Social Media and Journalism – long version


This is the long – hardly edited – version of —— it has not been checked for grammar, spelling and working links -it’s really just my notes. There is a checked short version.

A strategic overview of new media in journalism, the relevance of digital skills and why it’s important to embrace new technology

Presentation to NCTJ AGM Belfast 30 November 2011

Here’s the short version.


Holly Came From Miami, Fla
Hitch hiked Her Way Across The USA.
Plucked Her Eyebrows On The Way
Shaved Her Legs And Then He Was She – She Said:

Hey Babe, Take A Walk On The Wild Side,
Said Hey Honey, Take A Walk On The Wild Side.

Holly, Candy, Little Joe, Sugar Plum Fairy, Jackie and the coloured girls who go …

Characters, back stories, a vivid description of a world most of us had no experience of.

There’s a story line and a call to action.

Take a walk on the wild side.

When I was young I had a firm view of what a journalist was. When I started out in radio in the late 70’s a journalist reported the news and – sometimes more importantly – was a member of the NUJ.
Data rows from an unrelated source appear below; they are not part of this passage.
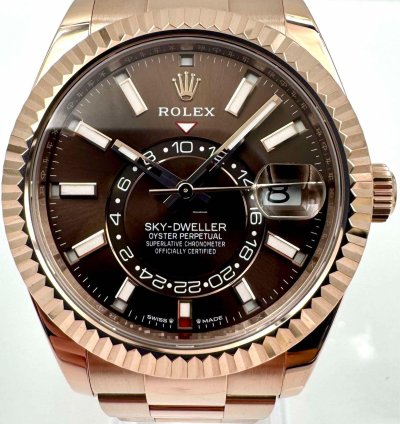 Rolex Sky-dweller 336935 Rose Gold Chocolate Dial Oyster Bracelet Unworn 2023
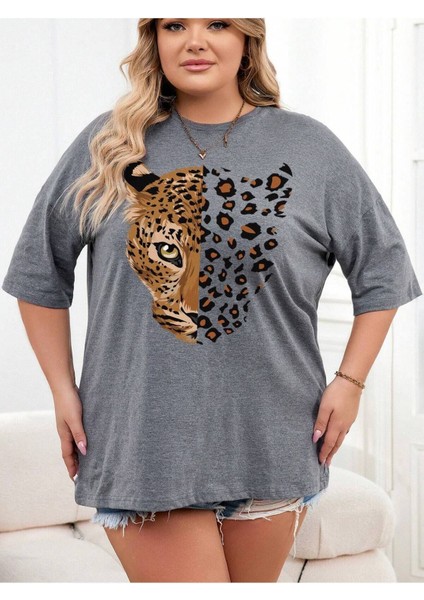 Jakinta Outdoors Kadın Büyük Beden Leopar Baskı Ara Beden Tshirt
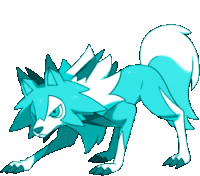 a cartoon drawing of a blue and white wolf with a white tail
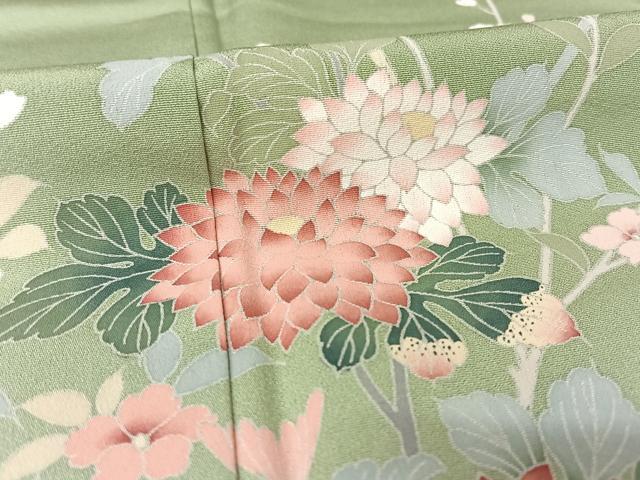 平和屋着物●訪問着 友禅 草花文 暈し染め 正絹 逸品 AAAX0221np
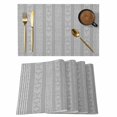 thumbnail image 1 of Gray Striped Placemats Set of 6, Modern Abstract Art Geometric Stripes Placemats for Dining Table, Place Mats for Kitchen Tabletop, Waterproof Wipeable Dining Table Mats Set, 1 of 9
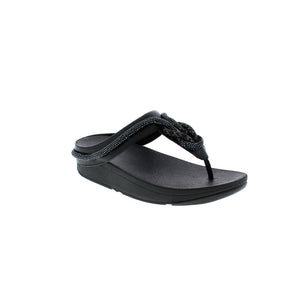 Experience superior comfort with FitFlop's Fino Crystal-Cord sandal. Crafted with premium leather for softness and breathability, these sandals feature a rocker-bottom sole for shock absorption, light arch support for superior comfort, and a 1-2
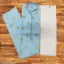 New fancy neck design gold printed sky blue kurta with white pajama for mens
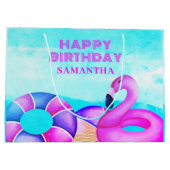 Roze Flamingo Verjaardag Zwembad Party Naam Groot Cadeauzakje (Achterkant)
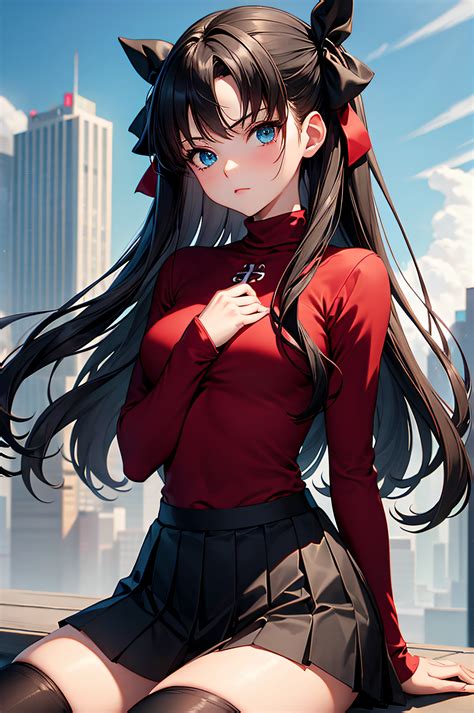 Anime girl sitting on a ledge with her hands on her hips - SeaArt AI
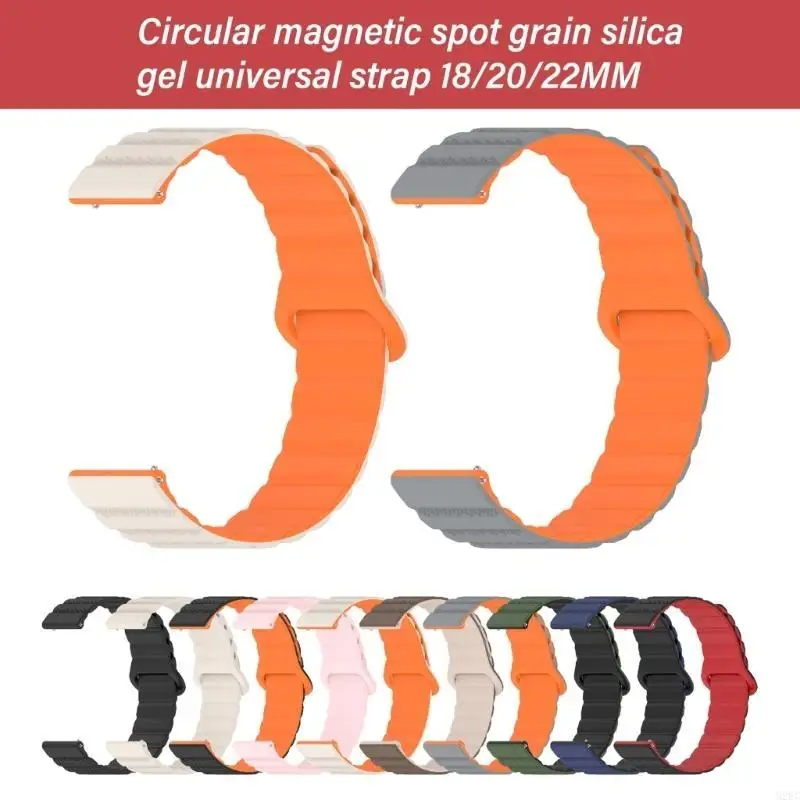 M2EC Belt Silicone Sport Strap Wutband con fuerte cierre magnético para reloj inteligente 18 mm/20 mm/22 mm Elija entre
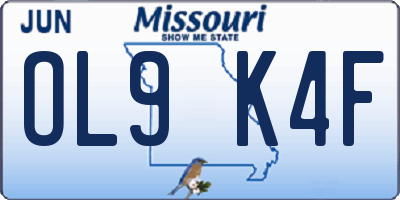 MO license plate OL9K4F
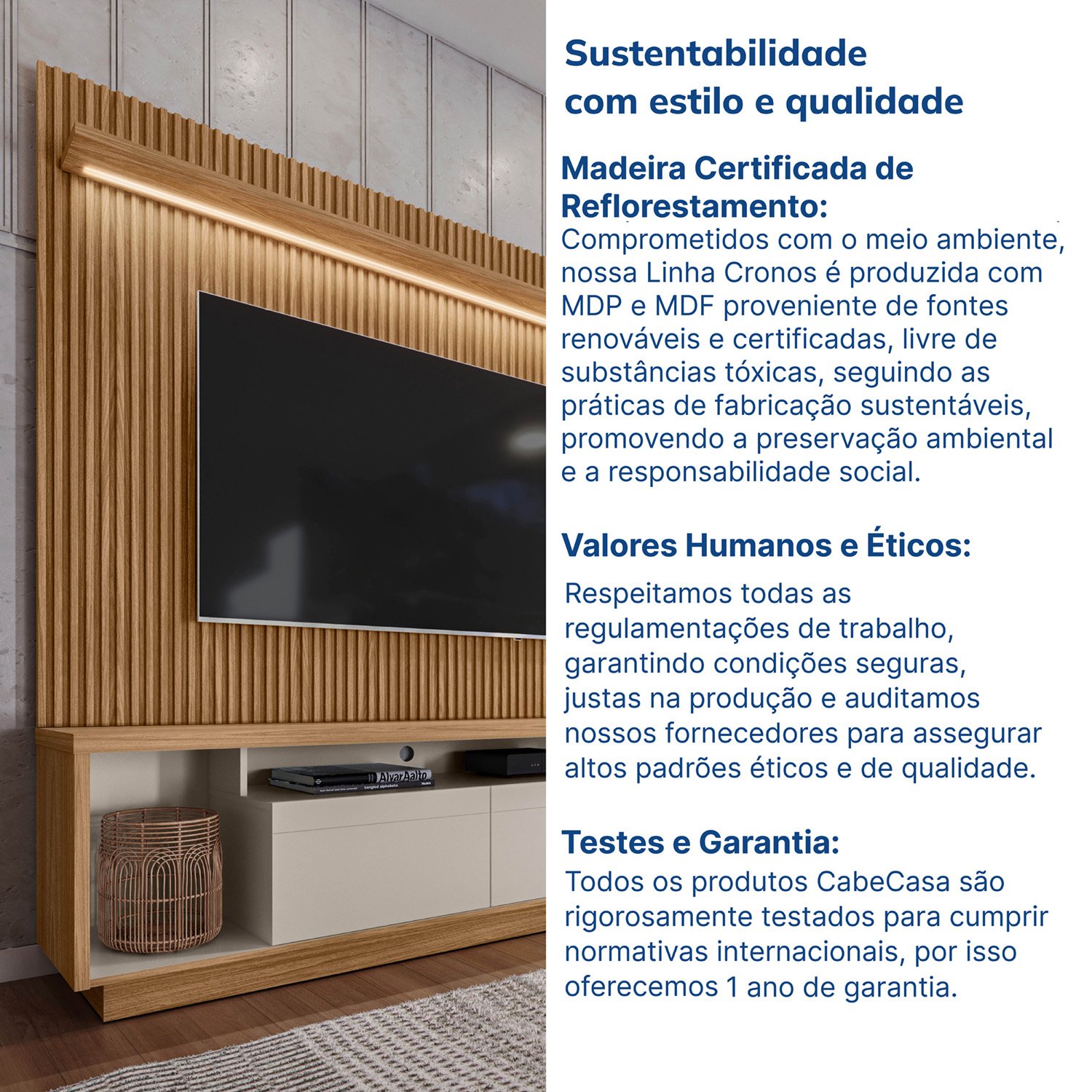 Rack com Painel para TV até 75” 181cm com Prateleira com LED Cronos CabeCasa MadeiraMadeira - 8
Then in the early ‘80s, a time when Radio 1 had magazine programmes about music on Saturday afternoons I heard someone describe Lou Reed as a journalist. A light bulb above my head went ‘Bang’.


Lou Reed had the eye for a story, the skills and talent to tell it well. He had a means of distribution and – with record producer and band – a sort of editor and editorial board.

Of course he was a journalist. He was reporting the world as he saw it and telling us all about it.

Some journalists hate – and probably fear – social media. Others think it’s pretty useful – and others who get caught up in the shiny new toys that deliver social media content.


I’ve been asked to talk about the digital skills = Let’s be careful with how we use that word ‘digital’.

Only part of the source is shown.